REQUIRED WORK: Please, without any pictures, set down exactly the part of the listing below that opens with the line containing "ซูเปอร์ 8 บาย" and closes with the line containing "शिवपुरी: एसडीओपी पिछोर".
RECORD SET section start
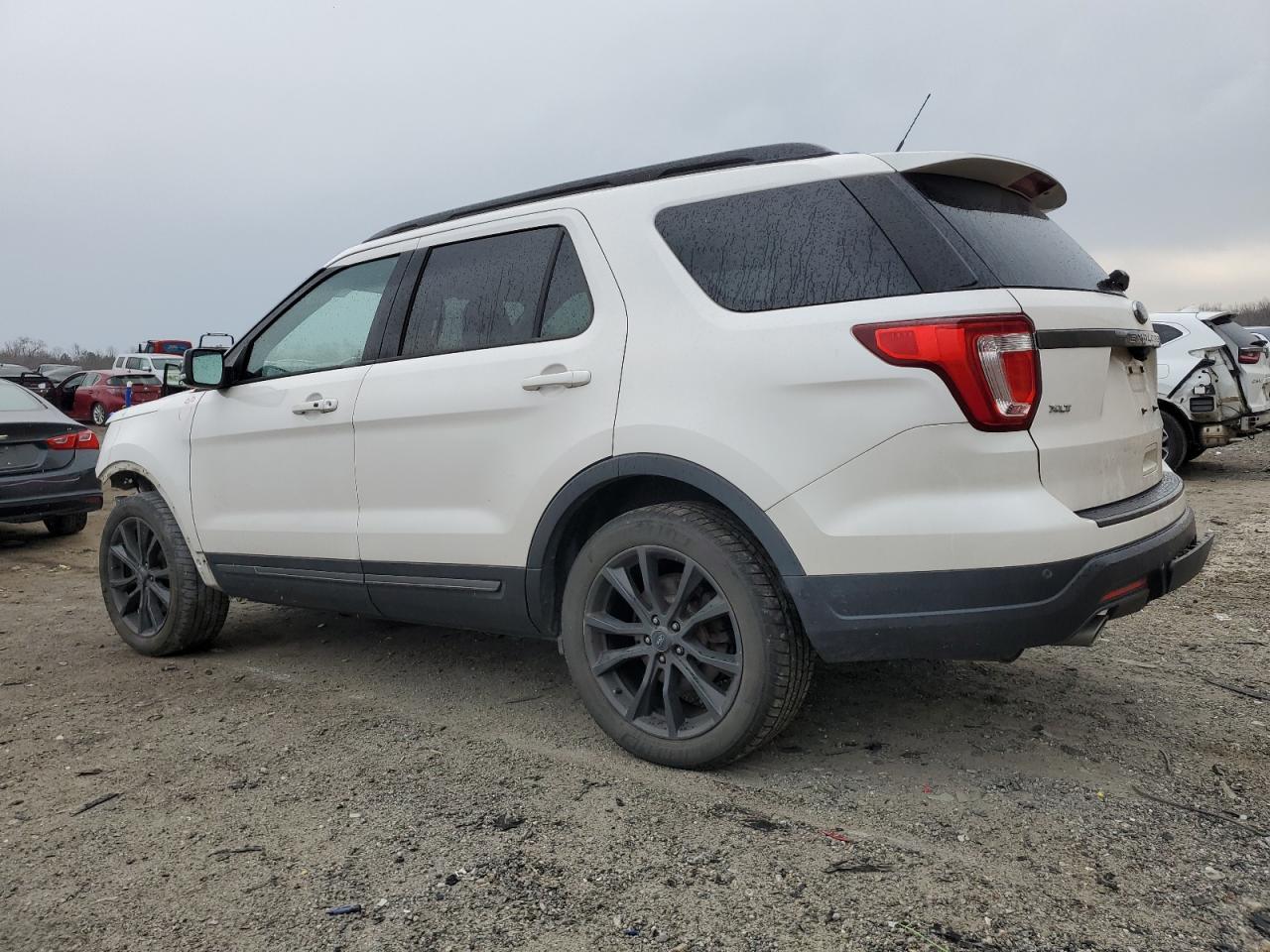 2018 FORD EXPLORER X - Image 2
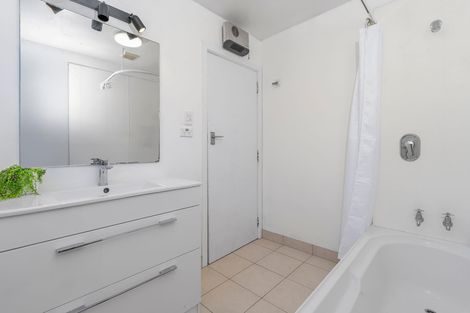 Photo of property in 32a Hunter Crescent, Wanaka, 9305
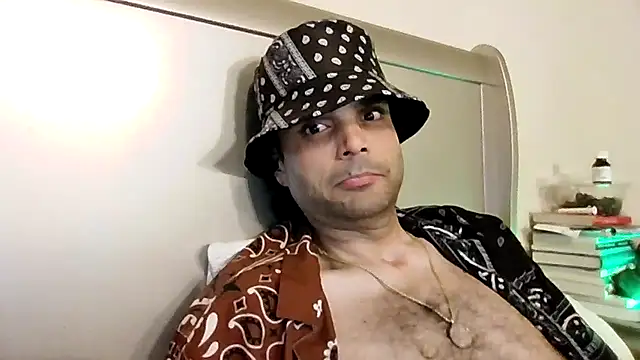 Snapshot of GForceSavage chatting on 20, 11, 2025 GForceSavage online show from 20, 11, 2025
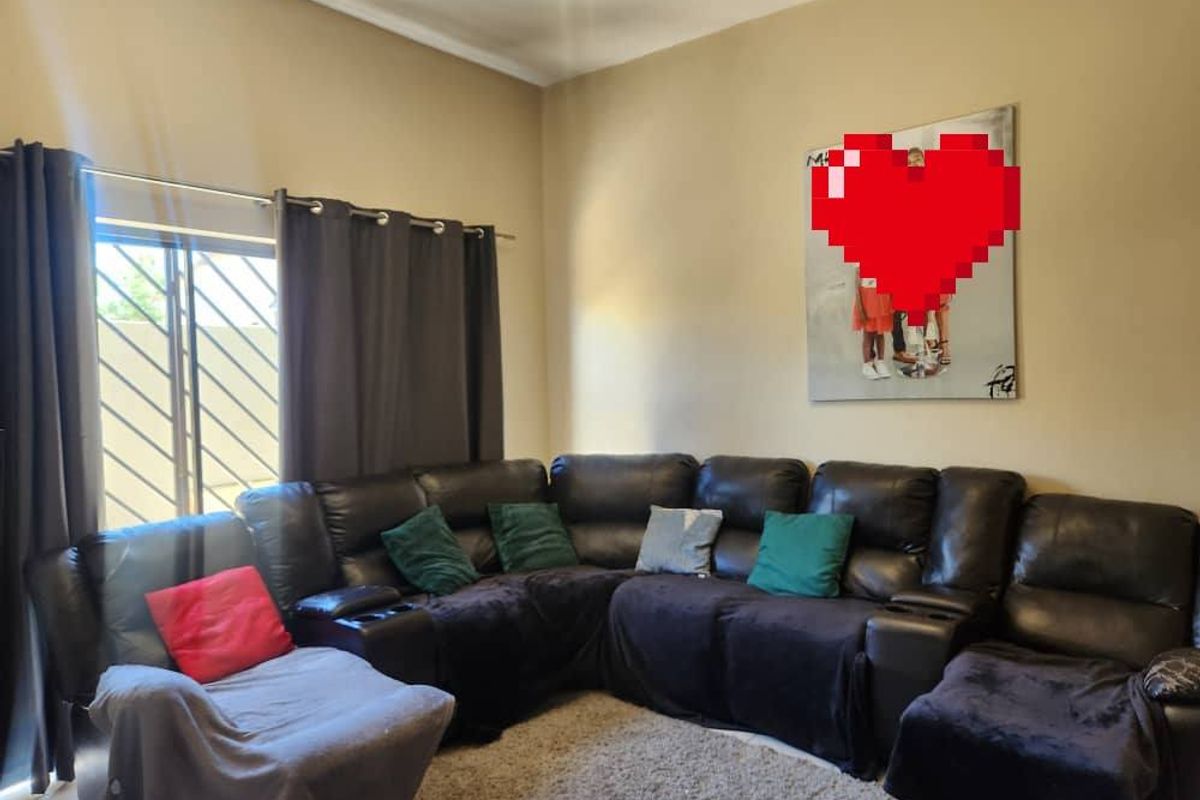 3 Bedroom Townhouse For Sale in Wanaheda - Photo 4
RECORD SET section end
RECORD SET section start
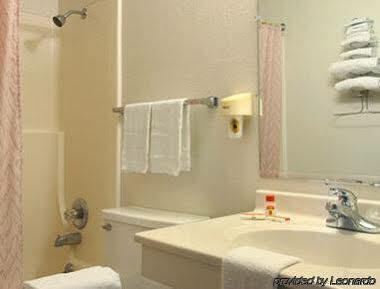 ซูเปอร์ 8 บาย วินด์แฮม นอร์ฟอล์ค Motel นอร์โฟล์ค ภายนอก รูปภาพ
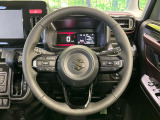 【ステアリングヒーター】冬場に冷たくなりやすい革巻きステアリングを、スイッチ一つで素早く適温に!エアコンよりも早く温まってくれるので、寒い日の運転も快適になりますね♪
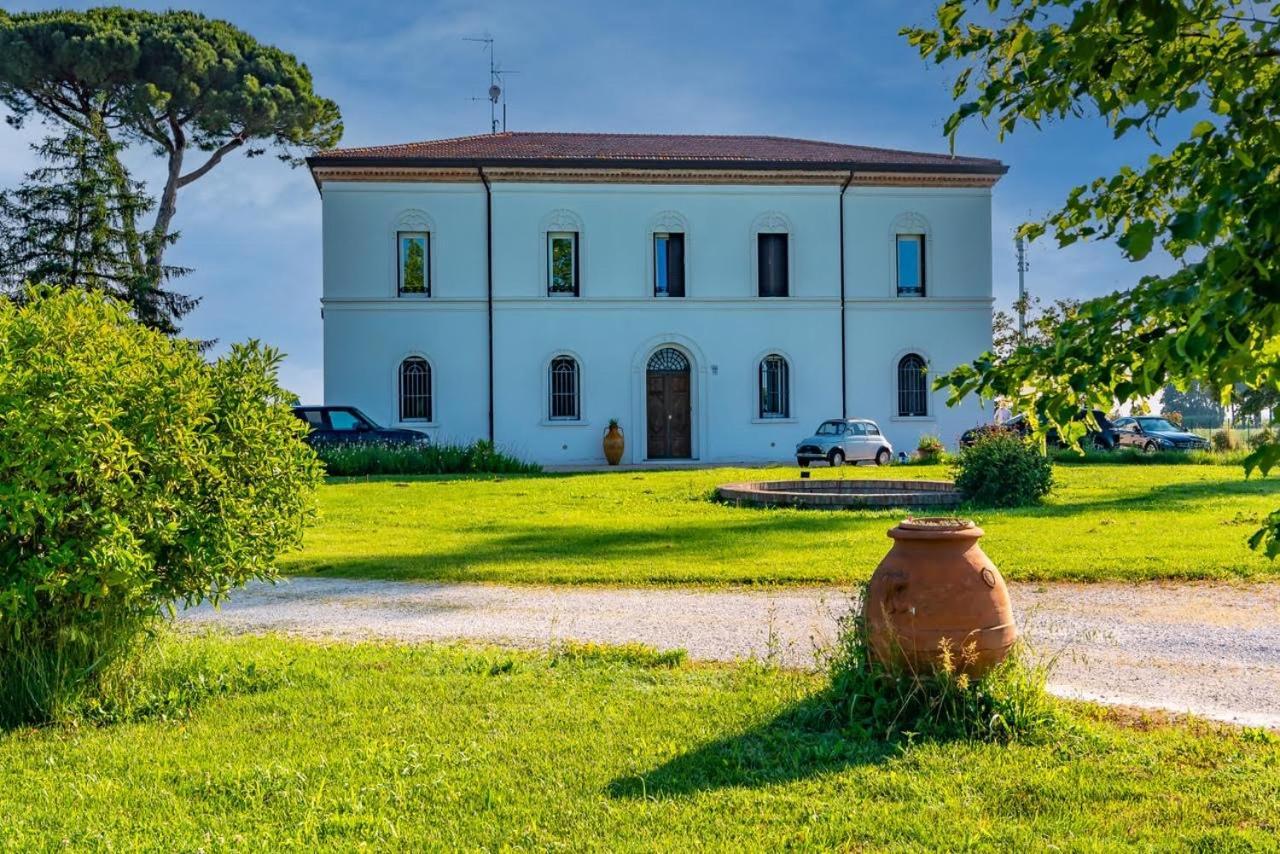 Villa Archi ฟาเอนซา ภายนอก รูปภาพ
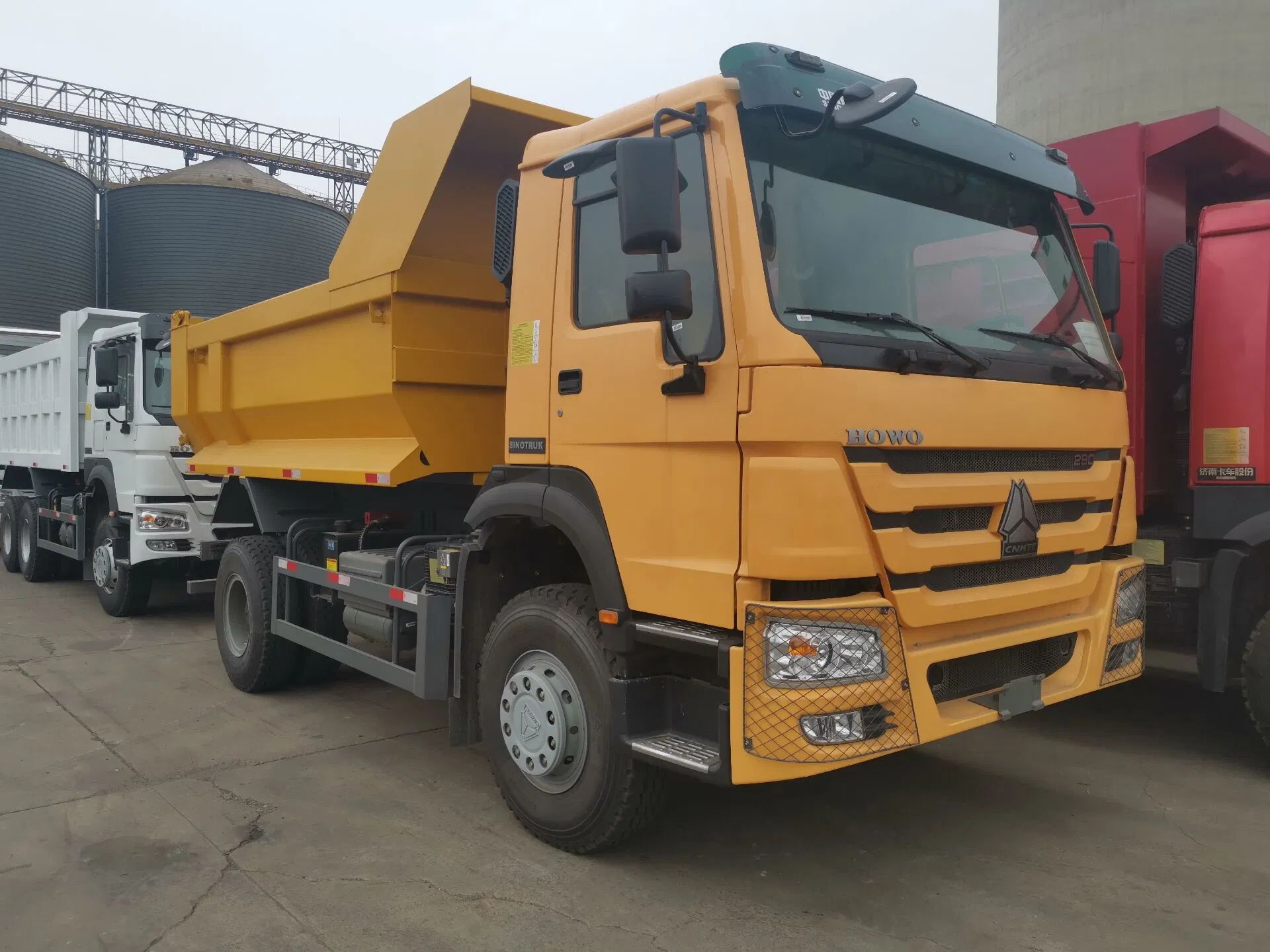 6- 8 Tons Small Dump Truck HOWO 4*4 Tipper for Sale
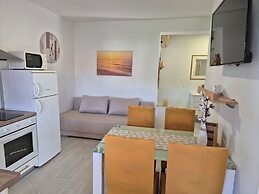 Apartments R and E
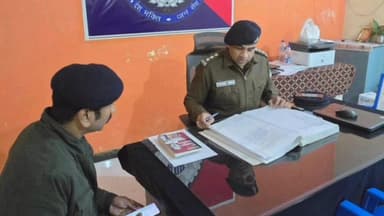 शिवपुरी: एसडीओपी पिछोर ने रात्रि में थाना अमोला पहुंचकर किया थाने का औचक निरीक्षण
RECORD SET section end
EXERCISE RESULT:
 ซูเปอร์ 8 บาย วินด์แฮม นอร์ฟอล์ค Motel นอร์โฟล์ค ภายนอก รูปภาพ
 【ステアリングヒーター】冬場に冷たくなりやすい革巻きステアリングを、スイッチ一つで素早く適温に!エアコンよりも早く温まってくれるので、寒い日の運転も快適になりますね♪
 Villa Archi ฟาเอนซา ภายนอก รูปภาพ
 6- 8 Tons Small Dump Truck HOWO 4*4 Tipper for Sale
 Apartments R and E
 शिवपुरी: एसडीओपी पिछोर ने रात्रि में थाना अमोला पहुंचकर किया थाने का औचक निरीक्षण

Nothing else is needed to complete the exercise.